But Physalia isn’t just designed to be a working ship. The vessel will also be a floating museum of sorts. Scientists who study aquatic ecosystems can hole up in the dedicated “Earth garden” lab, and tourists can visit temporary exhibits in a “water garden” or settle into a submerged lounge that could easily pass for a London nightclub. Callebaut, 33, dreamed up the idea after last year’s United Nations Climate Change Conference in Copenhagen shone a long-overdue spotlight on global water issues. He has some lofty terms for his project: It’s a “nomadic hydrodynamic laboratory,” a “fragment of living earth,” and a “floating agora” on a “geopolitical scale.” Others might just call it a cool idea.

1 comment:

  1. Okay, I was baffled by how turbines could generate electricity on a boat. Turbines could only take energy from the boat's forward motion, which makes it equivalent to a solar-powered flashlight. At night. I found that Gizmodo was also baffled, but Treehugger's article explained it:
    The turbines engage when the boat is anchored and are driven by currents. The only power it gets that isn't solar is chance currents, while anchored. And I rather imagine that the flimsy transparent solar panels of the roof capture about enough energy to run the lights. = )

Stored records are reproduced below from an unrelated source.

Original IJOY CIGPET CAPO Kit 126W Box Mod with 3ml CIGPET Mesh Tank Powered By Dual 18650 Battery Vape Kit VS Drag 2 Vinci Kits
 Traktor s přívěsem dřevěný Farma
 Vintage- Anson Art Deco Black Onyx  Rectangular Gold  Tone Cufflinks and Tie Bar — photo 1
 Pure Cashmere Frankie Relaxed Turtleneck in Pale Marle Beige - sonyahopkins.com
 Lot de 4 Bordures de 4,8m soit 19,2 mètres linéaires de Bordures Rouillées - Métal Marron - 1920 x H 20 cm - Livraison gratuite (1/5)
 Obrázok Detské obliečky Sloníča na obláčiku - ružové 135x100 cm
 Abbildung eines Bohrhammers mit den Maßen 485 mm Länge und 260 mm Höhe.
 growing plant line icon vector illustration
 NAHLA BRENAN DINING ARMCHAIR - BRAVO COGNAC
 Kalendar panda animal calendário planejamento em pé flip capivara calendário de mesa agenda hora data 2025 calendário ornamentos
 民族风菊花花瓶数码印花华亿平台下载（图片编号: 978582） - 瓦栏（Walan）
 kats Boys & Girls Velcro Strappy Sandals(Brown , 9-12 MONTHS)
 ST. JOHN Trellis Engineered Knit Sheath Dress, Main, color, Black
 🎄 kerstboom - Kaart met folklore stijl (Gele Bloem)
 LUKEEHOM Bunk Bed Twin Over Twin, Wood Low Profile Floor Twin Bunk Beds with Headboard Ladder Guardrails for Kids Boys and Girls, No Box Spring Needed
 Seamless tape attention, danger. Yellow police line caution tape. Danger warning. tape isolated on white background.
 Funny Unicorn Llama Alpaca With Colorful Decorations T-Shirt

    That is: I imagine most of its time will be spent idly charging, and that it produces more energy than it uses by sheer virtue of not using very much or, for that matter, doing very much. I mean, it passively takes in energy from motion and light, and then it's using that electricity to produce motion and light. With maybe a third of its upper surface covered in solar panels, plus random currents underneath, that's just not a hell of a lot of energy going in. Imagine 100% efficiency at every level, and it's still a very, very slow boat.
    I don't honestly see how a huge, functionally useless conversation piece qualifies as "green" anything. Whatever reaction it's catalyzing in the water could be done without the boat.
    But I get that it's primarily an awareness thing. It just sort of fails as a proof of concept.